_Work task_:
What should come back is the data below, word for word, minus any picture.

_Extracted material_:
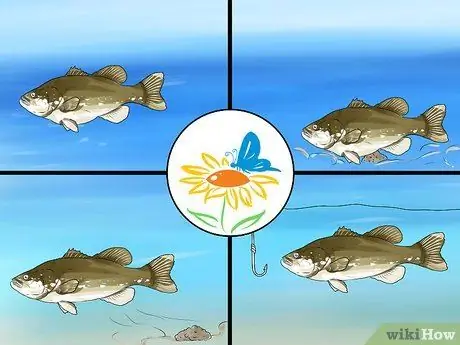 Рыба для окуня Шаг 1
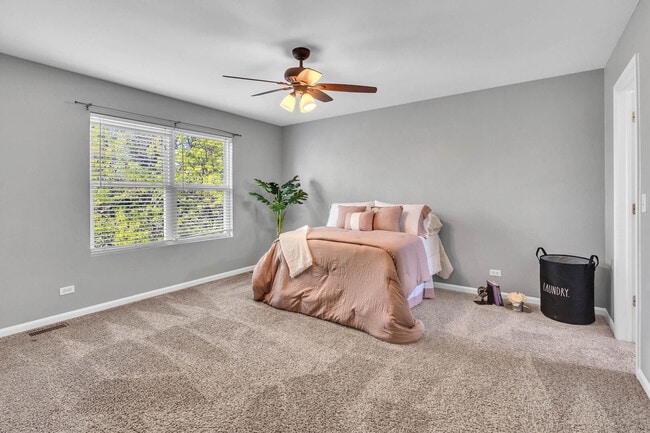 Building Photo - 4048 Boulder Ct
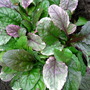 Dscn0980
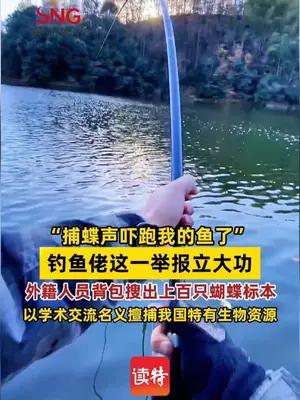 钓鱼佬这一举报立大功，外籍人员背包搜出上百只蝴蝶标本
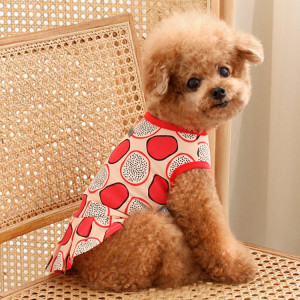 Small tan poodle mix dog wearing a bright red circle patterned sweater
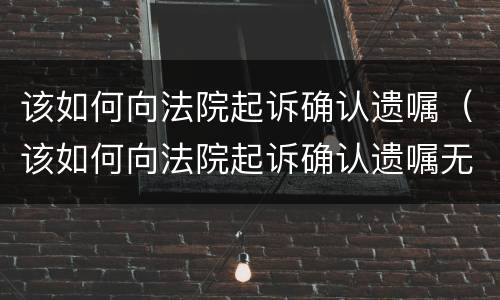 该如何向法院起诉确认遗嘱（该如何向法院起诉确认遗嘱无效）
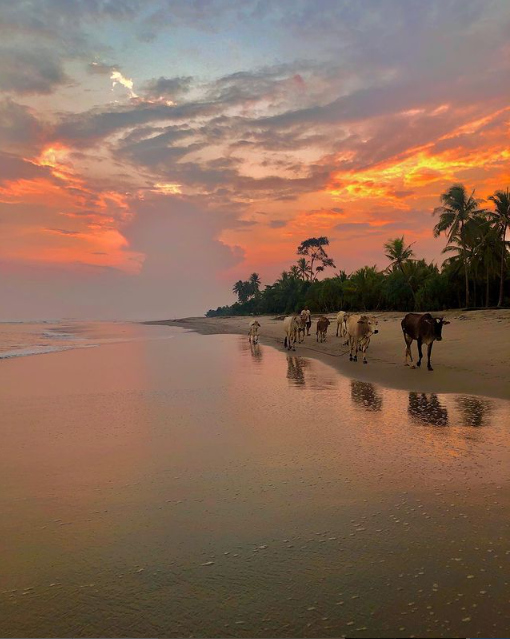 Mahasiswi Unila Raih Perunggu di Malaysia, Angkat Wisata Pantai Krui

_Answer box_:
 Рыба для окуня Шаг 1
 Building Photo - 4048 Boulder Ct
 Dscn0980
 钓鱼佬这一举报立大功，外籍人员背包搜出上百只蝴蝶标本
 Small tan poodle mix dog wearing a bright red circle patterned sweater
 该如何向法院起诉确认遗嘱（该如何向法院起诉确认遗嘱无效）
 Mahasiswi Unila Raih Perunggu di Malaysia, Angkat Wisata Pantai Krui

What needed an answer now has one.